Social Event: this one day international football tournament is the biggest yearly social event of the Dutch Jewish community and one of the main football tournaments of Amsterdam. Last year, it attracted 2,000 visitors and competitors from all over Western Europe, ranging in age from six to a 65 year old rabbi. It attracted 64 teams from Belgium, France, Germany, Sweden, the United Kingdom and Holland with entries ranging from Amsterdam’s kosher butcher shop to professional players and a Chasidic eleven. Please note: some of the English teams are successful Maccabi teams with a competitive edge to their game, however such teams are not suited to our tournament. Jom Ha Voetbal is a friendly social event for teams who are competing for fun and to enjoy the game of football.

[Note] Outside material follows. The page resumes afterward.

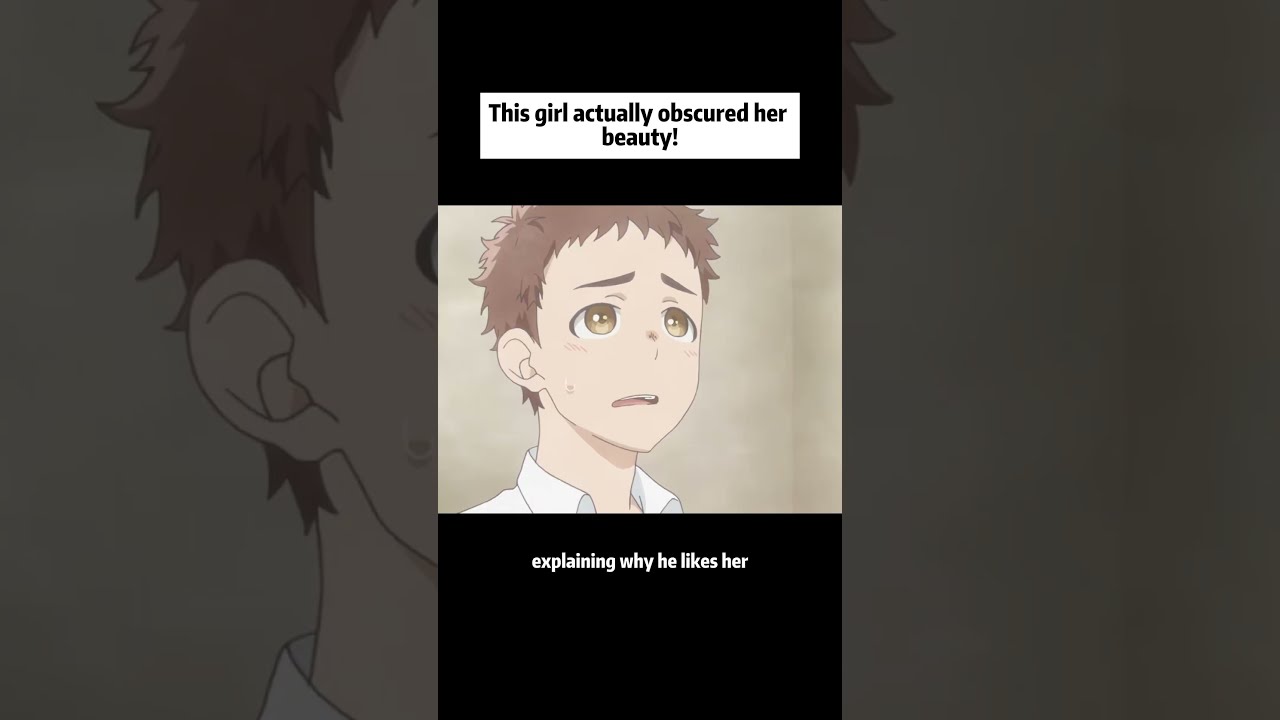 He Is The Only Boy Who Tells Her That She Pretty Anime Shorts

Founded in 1980 by Reform Jew David Kleerekoper, (a director of Bols drinks company in Brazil), and an Orthodox Jew Osi Lilian, (an accountant. Four teams took part in the first competition.
Preserved from possible oblivion by Maurice de Hond and Philippe Rubens in 1987 who read of its impending demise in the Dutch Jewish newspaper.
Expanded over the past decade from 13 senior teams to around 60 senior and junior teams, made up of 750 players from Western Europe.
Tournament leader is Maurice de Hond, a director of one of Holland’s biggest publishing companies and a former Dutch League referee. The organizing committee consist of 8 members where the tournament leader can overrule the committee. The committee is under financial control of a treasury board.
The rules of the Maccabi-World-Federation and the Royal Dutch Football Association apply at Jom Ha Voetbal. This means that only teams with Jewish players and/or members of their families can compete. In order to lead a big one-day tournament some of the official football rules have been changed or adapted. Participation in the Jom Ha Voetbal means that the captain accepts full responsibility for his team to respect the Jom Ha Voetbal rules and to live up to them by fair play.
Biggest controversy came in 1994 when winners Yellow Boys and runner up B’nai B’rith were disqualified after fielding non-Jews. Their leaders were banned for three years. In 2000 Yellow Boys was banned definitely.
Attracts around 2.500 people, making it the Dutch Jewish community largest annual social gathering.